* **GIVEN DATA**:
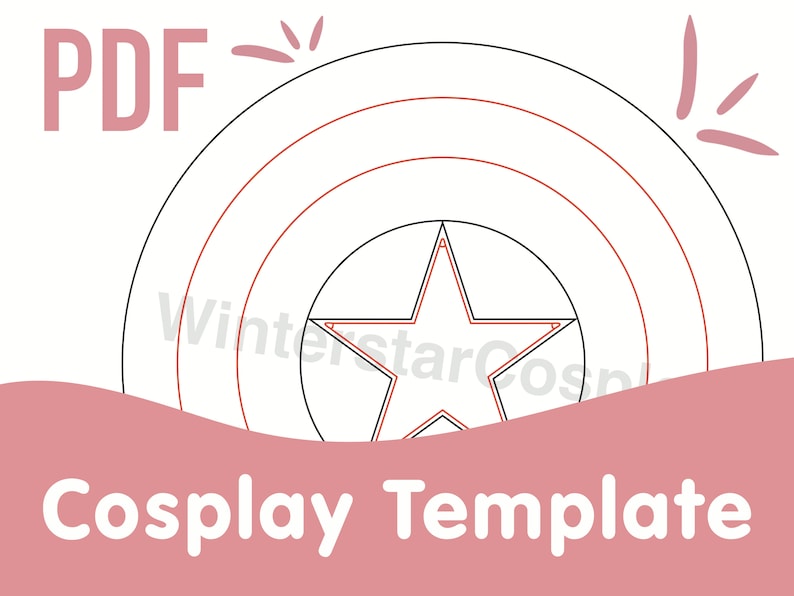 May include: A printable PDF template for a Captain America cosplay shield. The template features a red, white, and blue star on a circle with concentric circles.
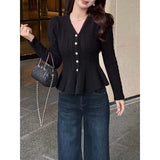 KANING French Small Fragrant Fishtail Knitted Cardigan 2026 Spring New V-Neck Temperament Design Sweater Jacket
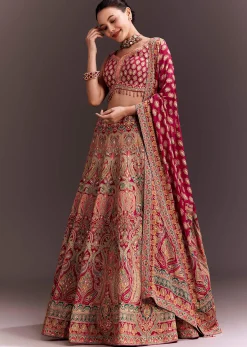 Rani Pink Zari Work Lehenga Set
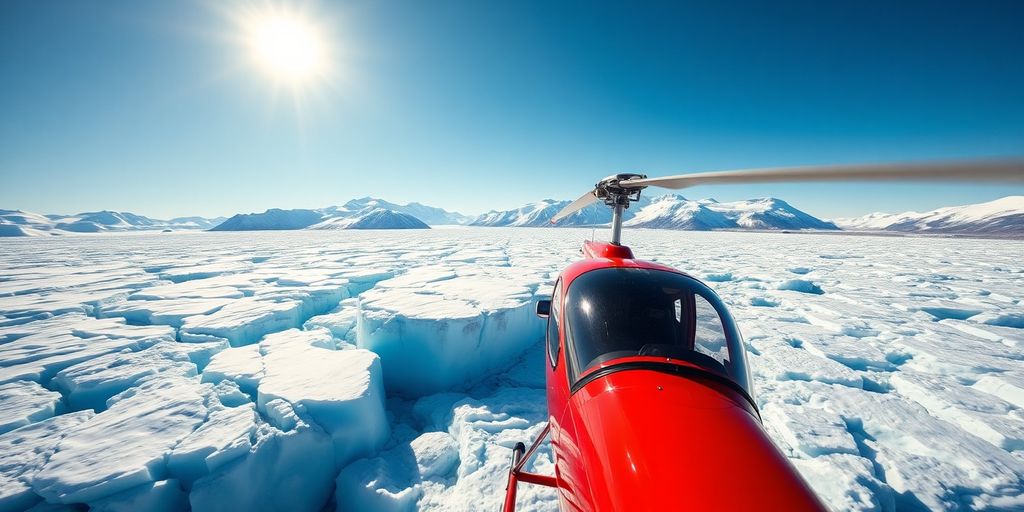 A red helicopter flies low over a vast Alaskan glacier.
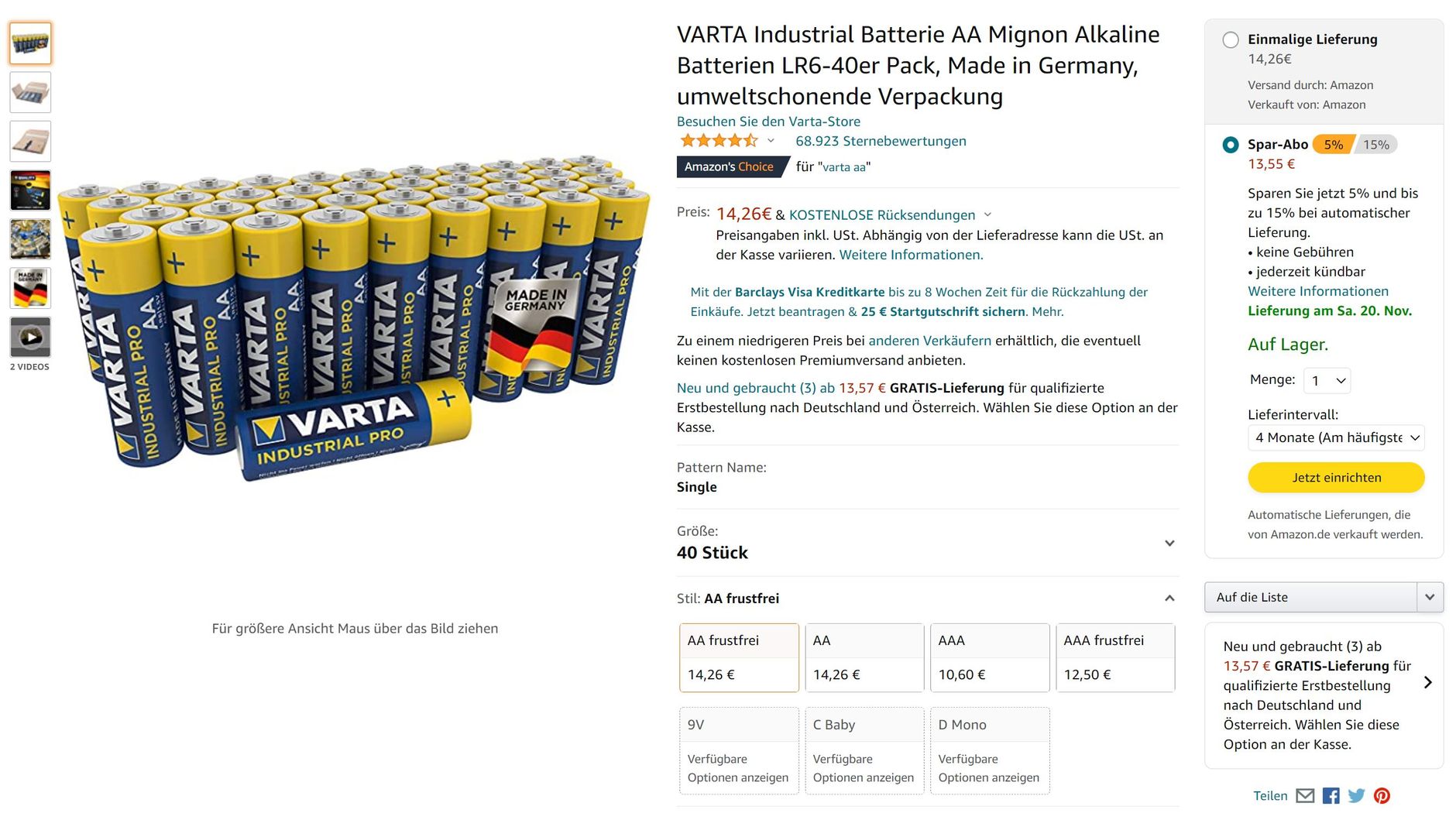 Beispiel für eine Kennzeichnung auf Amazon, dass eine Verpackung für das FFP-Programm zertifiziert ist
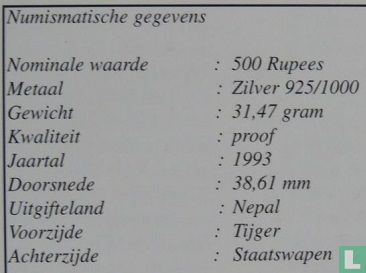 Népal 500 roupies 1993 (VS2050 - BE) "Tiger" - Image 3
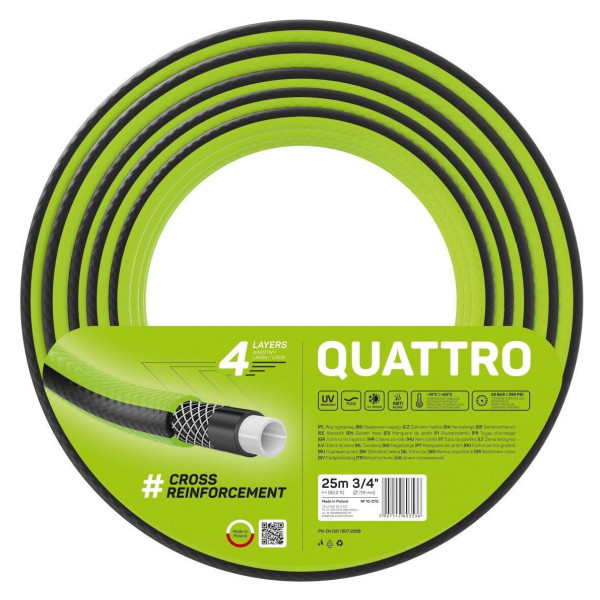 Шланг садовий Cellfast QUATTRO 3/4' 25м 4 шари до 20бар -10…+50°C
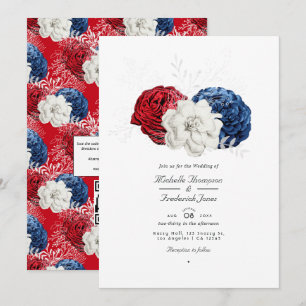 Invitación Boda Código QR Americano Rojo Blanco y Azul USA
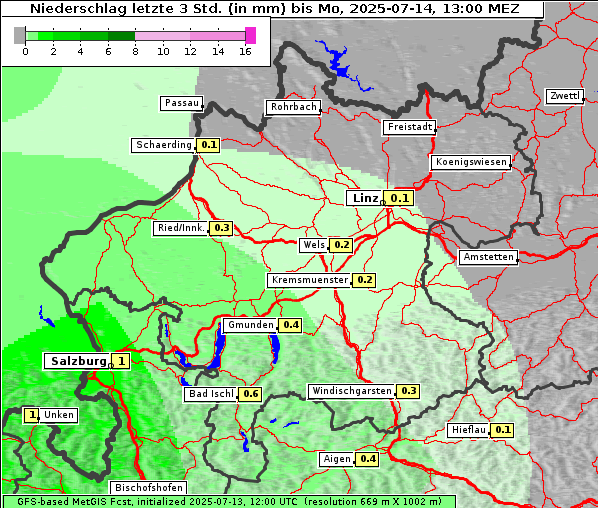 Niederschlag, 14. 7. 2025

* **TASK REQUIREMENTS**: Skip every picture and transcribe the data above exactly.

* **EXPECTED ANSWER**:
 May include: A printable PDF template for a Captain America cosplay shield. The template features a red, white, and blue star on a circle with concentric circles.
 KANING French Small Fragrant Fishtail Knitted Cardigan 2026 Spring New V-Neck Temperament Design Sweater Jacket
 Rani Pink Zari Work Lehenga Set
 A red helicopter flies low over a vast Alaskan glacier.
 Beispiel für eine Kennzeichnung auf Amazon, dass eine Verpackung für das FFP-Programm zertifiziert ist
 Népal 500 roupies 1993 (VS2050 - BE) "Tiger" - Image 3
 Шланг садовий Cellfast QUATTRO 3/4' 25м 4 шари до 20бар -10…+50°C
 Invitación Boda Código QR Americano Rojo Blanco y Azul USA
 Niederschlag, 14. 7. 2025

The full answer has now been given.